Our sample industry is particularly suited to the research context for two reasons. First, in dynamic environments such as the energy sector, firms’ strategic choices are highly related to organizational survival. Satisfying customer needs and preferences, adequately reacting to competitor activity, and using up-to-date technology determine firms’ success (Rauch, Wiklund, Lumpkin, & Frese, 2009). Second, the outlined legislative context emphasizes how firms operating in the energy sector are vulnerable to regulatory stakeholder pressure. Accordingly, we believe that the study’s sample is suitable for testing our proposed research model, and we expect that the relationship between customer, competitor, and technology orientation and regulatory stakeholder pressure on PES will be relevant and observable.
To identify relevant firms for the sample, we drew on the membership data of the German Association of Energy and Water Industries and related official energy sector subassociations and state-owned firm indexes. We identified a sample of 2,581 firms within the data of the associations. Data collection was conducted via a standardized web survey on an established online survey platform.
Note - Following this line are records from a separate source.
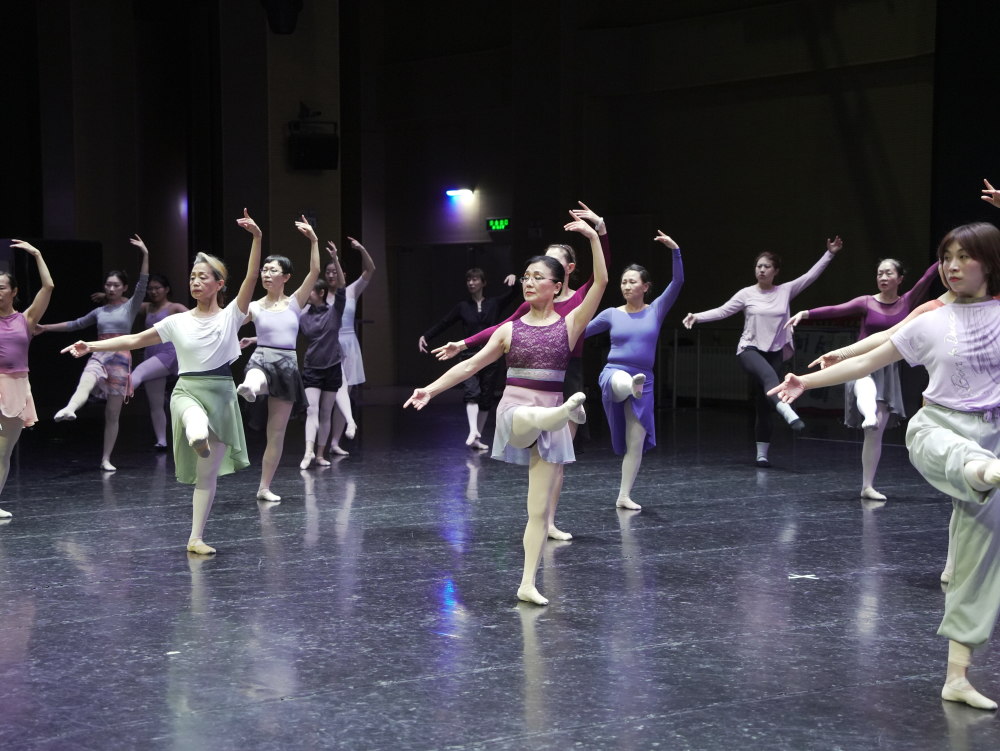 芭蕾公益大课堂展现高雅艺术的魅力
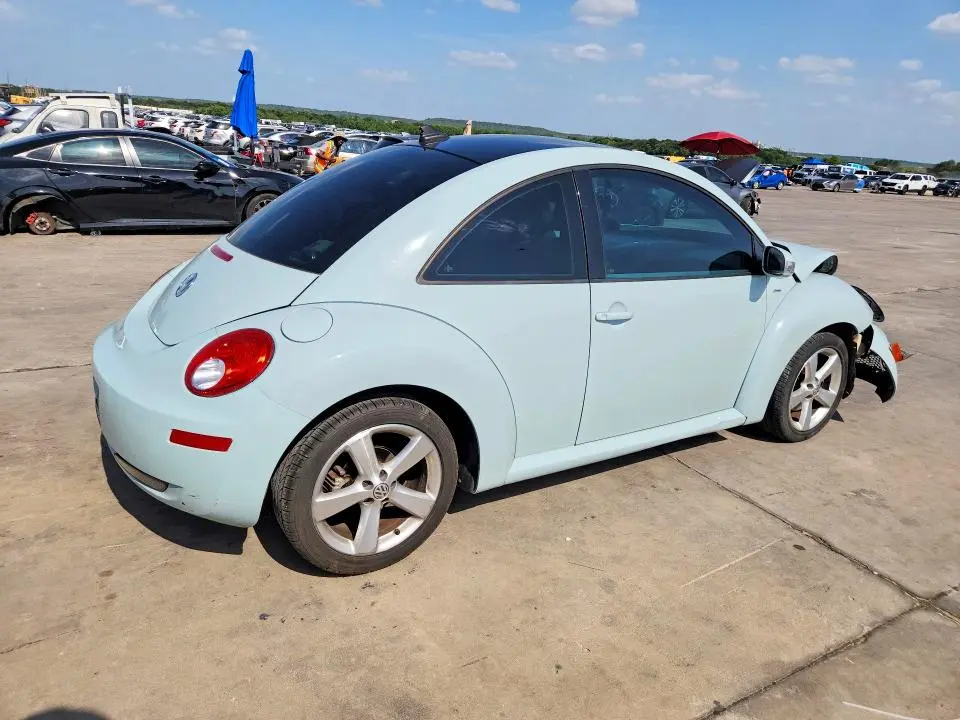 2010 VOLKSWAGEN NEW BEETLE   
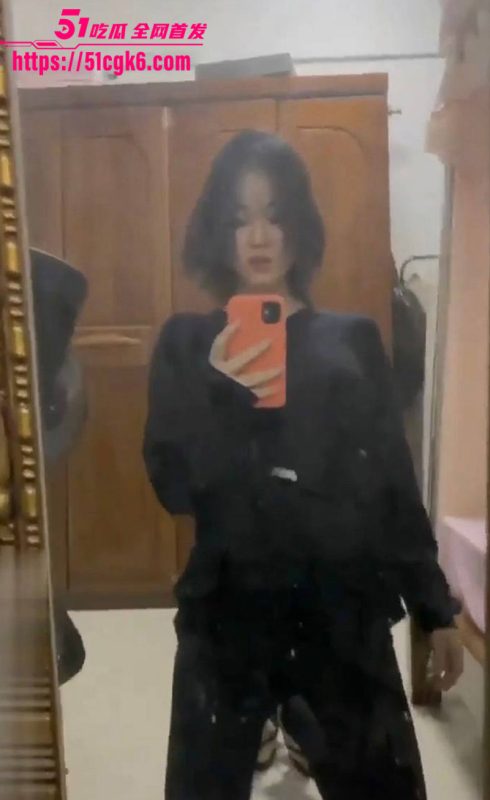 杭州极品嫩模 宋雯 被金主在宾馆肆意调教 群P舔脚道具捆绑 全程反差快感爆棚！-51吃瓜网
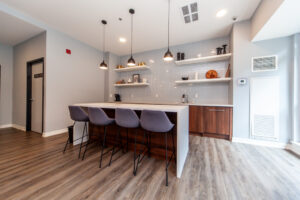 311-50-ann-st-bolton-41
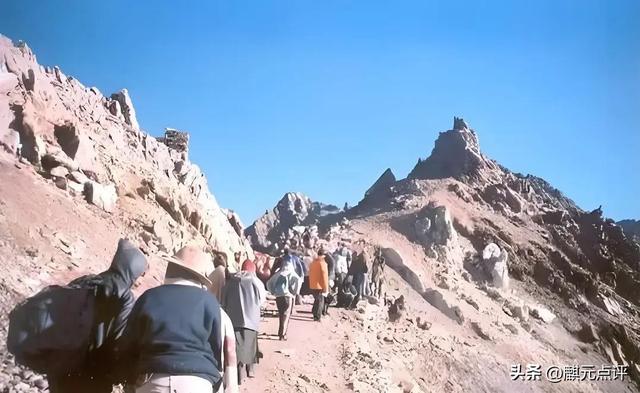 中印罕见同意了一件事，中国一位邻居强烈抗议，莫迪：反对无效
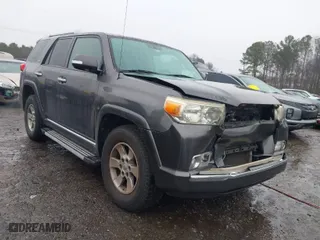 2011 Toyota 4Runner SR5 with VIN JTEZU5JR5B5018288, listed as a IAAI auction lot 41554553 with 206,106 mi miles. Bid and sale history available at carsss.com. Image 1.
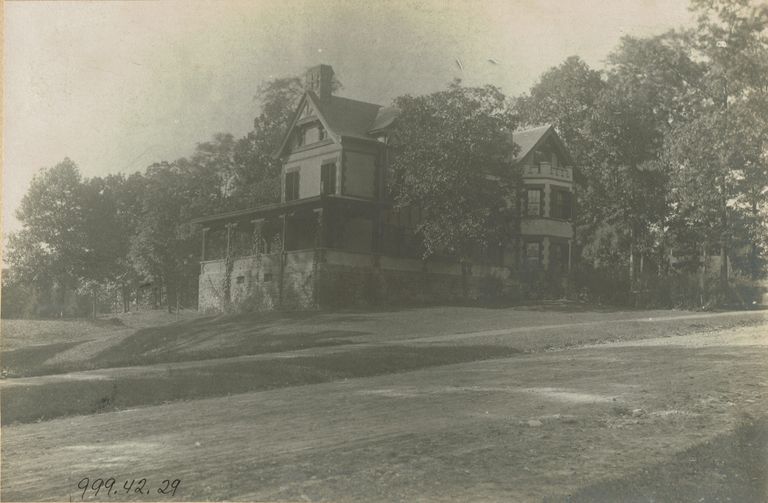          79 Highland Avenue, Shackleton photo, c. 1906 picture number 1
   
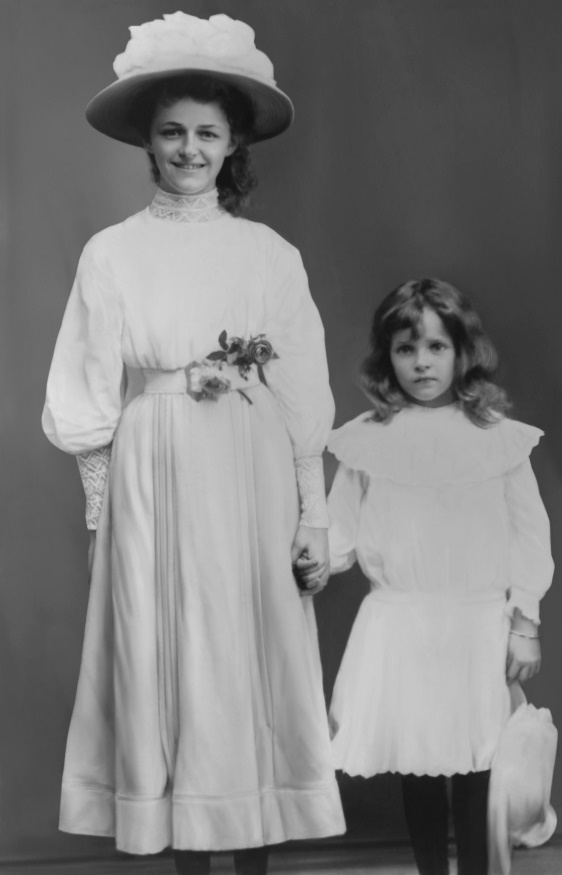 Constance Penelope and Maud Wilhelmina Ambler, Suva c.1906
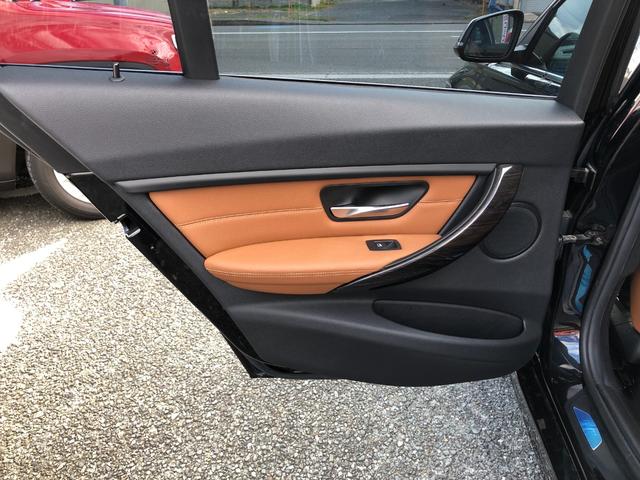 BMW 3 SERIES 320i LUXURY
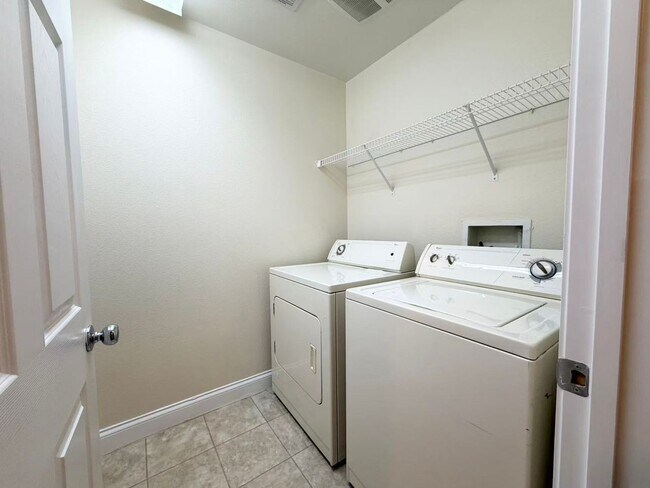 Building Photo - Lovely move-in ready Summerlin community with 3 bedrooms and 2.5 baths House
The questionnaire was sent to the firms’ chief executive officers (CEOs), as we assumed that the CEOs would have the best knowledge concerning their firm’s environmental strategy, strategic orientation and perceived regulatory stakeholder pressure. If, however, the CEO did not feel that he or she was the right contact person, the questionnaire was sent to the person who could most appropriately answer questions related to the firm’s environmental strategy. The same or a similar process has been applied multiple times in previous studies (e.g., Aragón-Correa, 1998; Delmas et al., 2011; Rueda-Manzanares et al., 2008). Because the core of our article was to investigate managers’ perception of the general business environment, we followed other studies by using top managers as our main information source (e.g., Daft, Sormunen, & Parks, 1988; Martin-Tapia, Aragón-Correa, & Senise-Barrio, 2008; Tatoglu et al., 2014). Additionally, our study predominantly looked at small- and medium-sized companies, in which CEOs are the best point of intersection regarding the information of interest (Delmas et al., 2011; Ling, Simsek, Lubatkin, & Veiga, 2008; Zapkau, Schwens, & Kabst, 2014).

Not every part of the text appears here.